Тревога, непрестанно терзающая его, отражается в его трудах; но не в их окончательной форме, которая всегда спокойна спокойствием совершенства, но в стремлениях объять необъятные и слишком разные области и жанры.
Завершив перевод «Гяура» и слагая «Пана Тадеуша», поэт планирует в то же время дальнейшие части «Дзядов», набрасывая обширные сцены затем лишь, чтобы впоследствии уничтожить их. Это повторялось многократно — вплоть до последних лет жизни поэта.
О месте любви в его жизни в эту эпоху мы ничего не знаем. Быть может, ему было не до романов, быть может, страсти были подавлены в раздорах и кутерьме, в могучих приливах творчества и в болезненных, мучительных его отливах. Зато мы много знаем о растущей дружбе его со Стефаном Гарчинским. Гарчинский, тяжело больной чахоткой, пребывает в Дрездене, позднее его перевозят в Бэс в Швейцарии, неподалеку от Лозанны, где он пытается спасти свои полуразрушенные легкие. Гарчинский был одной из жертв ноябрьского восстания; если б не участие в кампании, он, вероятно, не стал бы жертвой неисцелимого недуга.

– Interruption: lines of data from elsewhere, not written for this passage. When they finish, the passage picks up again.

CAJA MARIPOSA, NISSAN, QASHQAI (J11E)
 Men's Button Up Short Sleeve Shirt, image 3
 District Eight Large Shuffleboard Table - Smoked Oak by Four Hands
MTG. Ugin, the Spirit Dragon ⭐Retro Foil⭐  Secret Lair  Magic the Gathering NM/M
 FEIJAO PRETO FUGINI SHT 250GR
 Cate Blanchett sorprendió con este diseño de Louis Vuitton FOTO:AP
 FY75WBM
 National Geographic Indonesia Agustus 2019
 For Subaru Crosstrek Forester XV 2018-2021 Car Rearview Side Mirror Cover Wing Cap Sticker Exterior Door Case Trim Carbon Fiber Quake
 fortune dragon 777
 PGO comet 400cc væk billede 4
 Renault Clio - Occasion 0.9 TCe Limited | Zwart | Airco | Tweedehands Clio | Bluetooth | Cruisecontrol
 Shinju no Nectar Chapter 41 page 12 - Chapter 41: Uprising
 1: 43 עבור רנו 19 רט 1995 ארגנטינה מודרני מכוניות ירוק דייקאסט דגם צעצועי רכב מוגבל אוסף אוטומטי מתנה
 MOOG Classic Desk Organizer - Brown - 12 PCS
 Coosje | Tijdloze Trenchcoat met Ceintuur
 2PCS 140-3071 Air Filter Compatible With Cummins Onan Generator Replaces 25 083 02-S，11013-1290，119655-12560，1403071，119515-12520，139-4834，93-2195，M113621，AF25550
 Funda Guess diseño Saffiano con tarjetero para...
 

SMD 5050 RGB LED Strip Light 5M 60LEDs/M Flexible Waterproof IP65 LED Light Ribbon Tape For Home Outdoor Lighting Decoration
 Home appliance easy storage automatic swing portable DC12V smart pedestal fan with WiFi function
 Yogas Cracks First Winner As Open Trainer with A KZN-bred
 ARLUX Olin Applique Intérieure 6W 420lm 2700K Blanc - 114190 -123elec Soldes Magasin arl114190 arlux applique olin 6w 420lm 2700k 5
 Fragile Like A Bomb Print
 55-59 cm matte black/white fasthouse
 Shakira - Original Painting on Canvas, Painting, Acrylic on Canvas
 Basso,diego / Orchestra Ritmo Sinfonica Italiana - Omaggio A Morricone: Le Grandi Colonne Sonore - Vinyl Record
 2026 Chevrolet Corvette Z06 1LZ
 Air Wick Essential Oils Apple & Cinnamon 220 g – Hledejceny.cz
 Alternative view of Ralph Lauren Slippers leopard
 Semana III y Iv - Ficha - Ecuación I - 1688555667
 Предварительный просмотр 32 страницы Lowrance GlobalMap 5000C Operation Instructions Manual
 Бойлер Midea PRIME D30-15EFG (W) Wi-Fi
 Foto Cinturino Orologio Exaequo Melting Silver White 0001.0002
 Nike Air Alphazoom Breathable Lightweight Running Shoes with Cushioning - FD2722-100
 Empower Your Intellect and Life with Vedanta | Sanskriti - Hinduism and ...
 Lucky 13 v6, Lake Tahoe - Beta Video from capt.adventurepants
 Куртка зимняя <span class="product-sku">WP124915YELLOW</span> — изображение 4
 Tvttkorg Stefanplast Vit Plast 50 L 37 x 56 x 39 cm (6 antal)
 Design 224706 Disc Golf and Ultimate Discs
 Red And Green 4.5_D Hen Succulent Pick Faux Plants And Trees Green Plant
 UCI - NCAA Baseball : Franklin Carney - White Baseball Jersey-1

В дружбе Мицкевича с молодым поэтом, в готовности служения ему мы видим одно из проявлений все того же пламенного стремления уменьшить собственную вину — вину воздержания от участия в ноябрьской революции. Он, такой нетерпеливый, суровый, оторванный от практических дел больше, чем это, может быть, представлялось тем, которые видят его сразу со всех сторон и во все эпохи его жизни, он, такой требовательный в личных отношениях, скорее неблагодарный, как «злое, бесчувственное дитя», встречается тут у постели смертельно больного друга с истинным ангелом доброты — Клаудиной Потоцкой. «Эта женщина примиряет с родом человеческим и может вновь вдохнуть веру в добродетель и в доброту на земле. Кажется, что в ней жизни всего на несколько часов, однако она всегда обретает силы для служения ближним»[152].
И впрямь, ей уже недолго осталось жить. Она умерла в Женеве после неудачной попытки залечить смертельную болезнь легких. Мицкевич не находит для Клаудины никаких сравнений, столь исключительна ее доброта, воистину неземная, если только слово это способно выразить черту исключительную и не встречающуюся среди смертных. Тот, кто смотрел на нее, внимал ее речам, как будто уносился в мечтах на некие блаженные острова, где жило некое совершенное человечество. И, однако, благородство графини Потоцкой не было совершенно свободным, ибо здесь, на земле, нет свободы от законов общества. Клаудина — перед восстанием — была довольна своей жизнью, которая, может быть, пошла бы иными путями, если бы не феодальные привилегии, из которых она, Клаудина, извлекала пользу. Эти феодальные привилегии — Мицкевич не мог этого забыть — даже Марцелина Лемпицкая не считала грехом.